I have used an existing transform to create the destination documents and I want to add some fields to the same documents. Is there an option for that? From my attempts it seems that new transforms overwrite the old document.

Thanks in advance

Hi,

yes, that's correct. There is no way to update a document, transform always overwrites.

Can you explain your usecase in more detail, best with an example: what's the input, what's the expected output? Maybe there is another way to achieve your end goal. It sounds to me like you try to join documents from different indexes?

Hi Hendrik,

thank you for your reply. Yes, you are correct the end result is kinda like trying to join documents from different indices.

So the use case is trying to calculate group aggregates of some customers' past purchases and future purchases based on predictions of a ML model. What I would like is to have the aggregates of their past month purchases, aggregated again in customer groups (based on the amount they spent and the days they have been shopping for) and also calculate the aggregate of this customers' group model predicted purchases (which are stored in a different index).

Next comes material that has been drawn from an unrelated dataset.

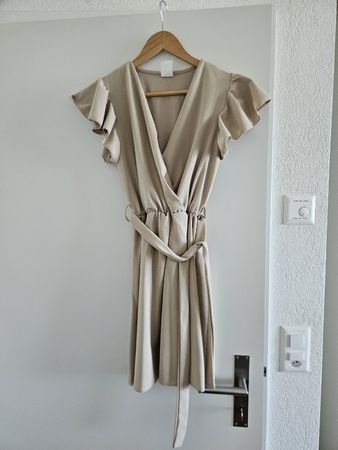 Sommerliches Kleid in Beige, Gr. S/M, neuwertig!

What would be the best way for this?

Thanks again

Hi,

a transform can have multiple sources and they do not need a common schema as long as the field name of the group_by is compatible. So if you have for example a field "customer_id" in both indices "past_purchases" and "predicted_purchases" you can create a transform that joins over both indices:

PUT _transform/prediction_accuracy
{
  "source": {
    "index": ["past_purchases", "predicted_purchases"]
  },
  "pivot": {
    "group_by": {
      "id": {"terms": {
        "field": "customer_id"
      }}
    },
  "aggregations": { 
...}
}

Note that aggregations are robust w.r.t. to missing fields, so if you have a field in your "past_purchases" index, but not in "predicted_purchases" you can still aggregate on it to e.g. calculate an average (with the correct count under the hood).

I hope this helps!

Thank you very much Hendrik, this might actually be what I was looking for!

I didn't know that transforms can have multiple sources with a common grouping field. It makes life so much easier now :slight_smile: